Do you feel there is any disconnect between you and other players based on geographical location?
No, not really. I’ve never had any problems based on being in a different location from someone else. My FO lives in England. I have two DHs that live in South Africa, another in Scotland, and I have another DH who goes to school in the Cayman Islands, so I have crew spread out all over the world. We all get along and work together quite well. I’ve also had the chance to meet several players in person, both active and past members, some of them multiple times. I think the enjoyment of FedSpace and the community it creates surpasses any geographical differences we all might have.
What is in your FedSpace future, for yourself and for your character?
I hope to continue serving the site as CinC for many years to come. As for my character, it’s hard to say. I have a habit of changing PCs often, but I don’t have any plans to stop playing Adaran anytime soon. I enjoy playing hir too much right now, and there’s still a lot of room to explore hir character. I’ll probably always keep hir as a Captain though. That’s just where s/he best fits. Hir growth will be through character development rather than rank progression.
If there was one thing you would want everyone to know about you, what would that be?
That unlike my characters, I’m sane. Most of the time anyway.
Can you tell us how you became CINC?
It was rather a long, roundabout process. I became part of the site admin team about a year or so before taking on the CinC role.
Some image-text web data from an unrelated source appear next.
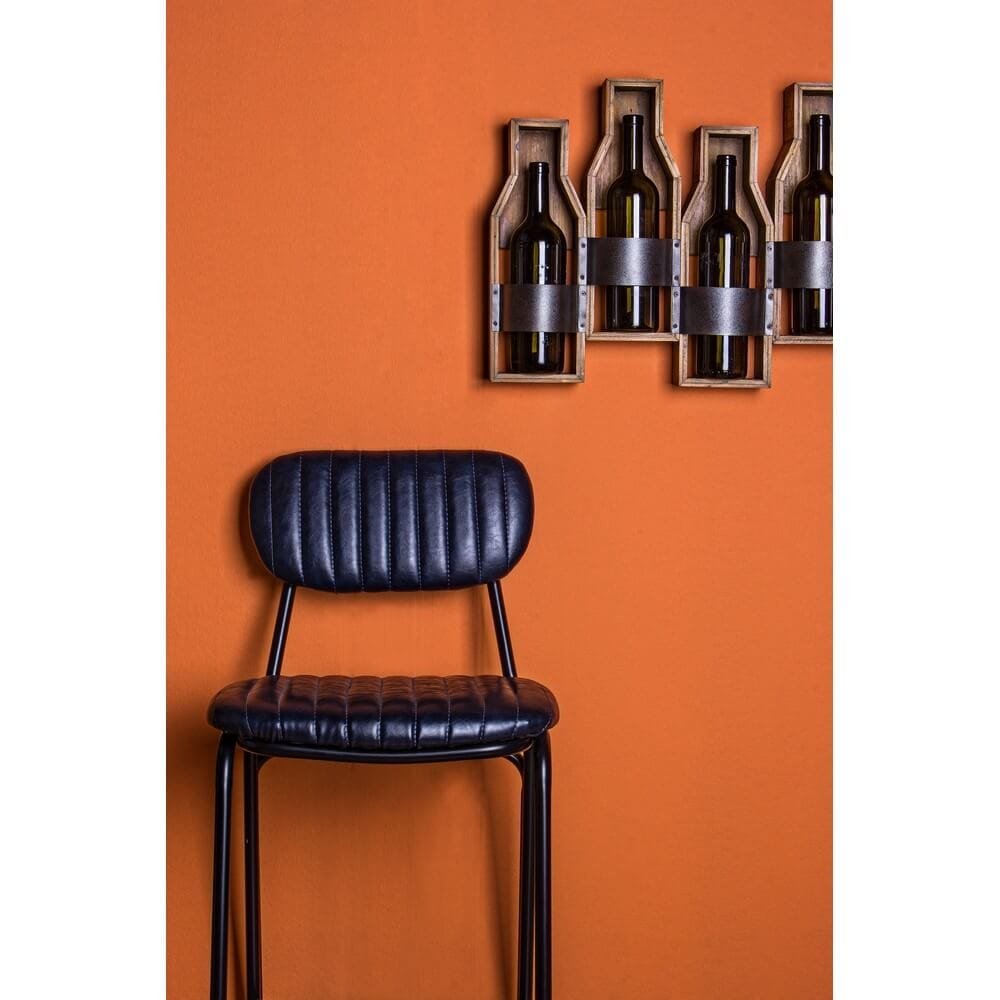 Sedia Vintage in ecopelle (2 Pezzi) – CAMILLE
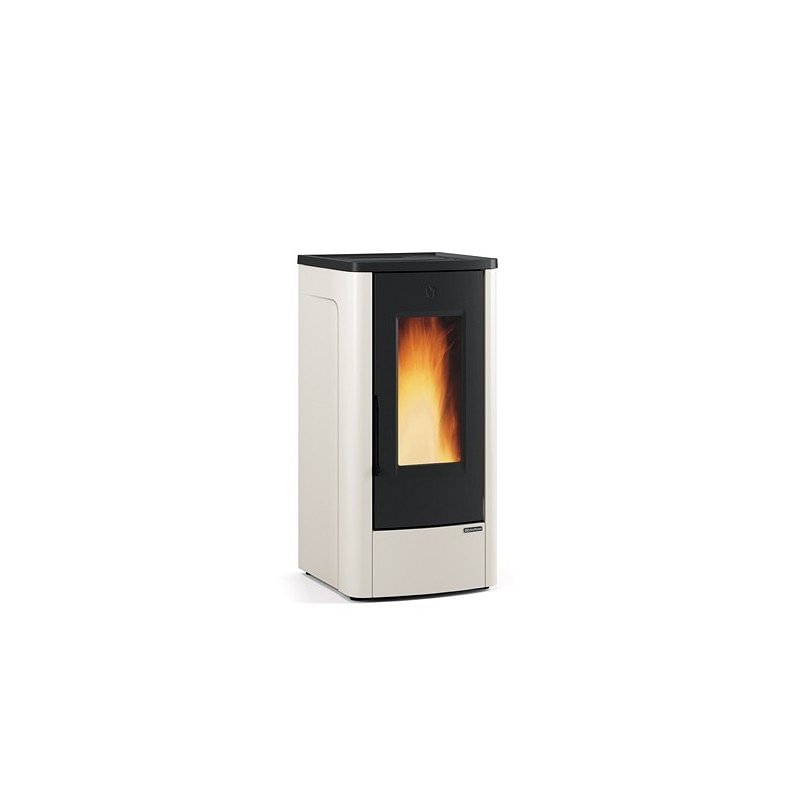 https:zetaidraulica.gumlet.io stufa a pellet la nordica extraflame dahiana 10 kw in acciaio e top in ghisa colore avorio ad aria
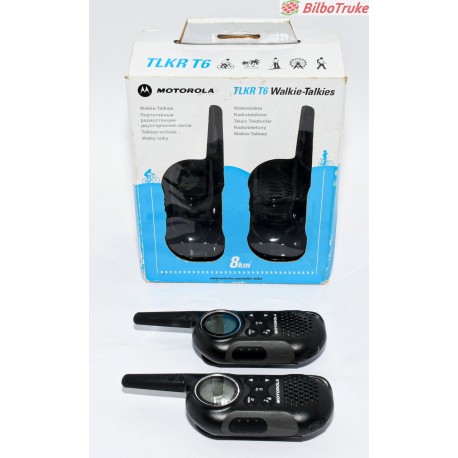 PAREJA WALKIE TALKIES MOTOROLA TLKR T6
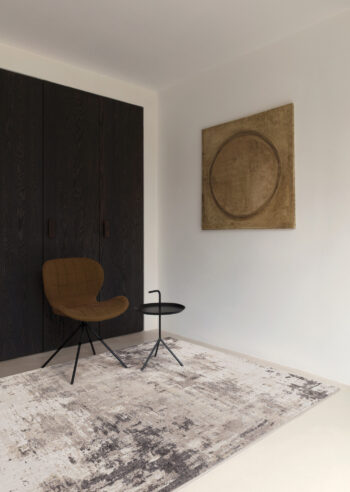 Osta, Kusový koberec Patina 41094/620, 135x200, šedá, obývacia izba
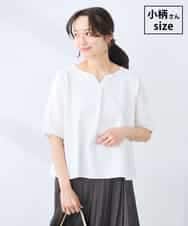 K3KGD32044 a.v.v Elmi(アー・ヴェ・ヴェ) 【低身長サイズ】レースジャガードスリーブトップス アイボリー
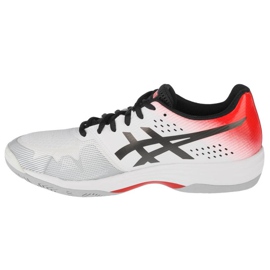 Asics Gel-Tactic M 1071A031-101 portocaliu, alb, roșu alb 1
FAdm Benestead had become unable to take an active part as an admin, and President Beckett asked me to step up and become part of the senior team to fill the hole left by his departure. I was honored to have the chance to help guide the site, so I accepted. I worked behind the scenes in that role for quite some time until Benestead decided to officially retire. His public role as CinC then fell to me. Taking on the job publicly gave me the opportunity to be even more involved in the site, and I enjoy the role for that reason, despite the extra work it brings.
How do you define your position? What are your responsibilities?
I define my position as being responsible for the administrative side of FedSpace. That involves not only doing points each month but many other things as well. I oversee promotions, medals, transfers and disciplinary action, and have the final say on how those are handled. I work with returning players to help place them back onto the site, and I help existing players when they have issues that need attention. I also work directly with the fleet commanders to ensure that everything is running smoothly on each ship. There are a lot of other things I do as well that are less specific. Basically, I’m the top link in the chain of command for administrative matters, and I direct policy in that regard.
I also work with Perry when administrative and creative matters cross. He leads the creative side of FedSpace, and our areas of influence can quite often be the same. Creating new ships, organizing the fleet, and other similar matters both require creative and administrative input.
How has your perception of the site changed since becoming CINC?
It’s made me aware of the complexity of getting things done and appreciative of what goes into making FedSpace a success. As a general player, you tend to wonder why problems don’t get solved as soon as they arise, but it’s far more complicated than just making a quick decision and carrying it out. There are a number of levels to consider in each decision made, and many of those levels are ones which a general member would be unaware of. There’s also a great deal of work that goes into keeping FedSpace running. For me, it’s a part-time job, and sometimes a full-time job, on top of my real life work.
How do you work with the President and VP? How do the 3 of you make decisions on the site?
It mostly begins with one of us having an idea or encountering a problem and starting an email chain to address it. We then hash it out over a period of days or even months until we come to a final agreement. It’s actually rather informal. We don’t always see eye to eye on everything, but we can always find a compromise on those issue where we disagree, and if need be, we bring in someone else who’s close to the issue and can provide another voice.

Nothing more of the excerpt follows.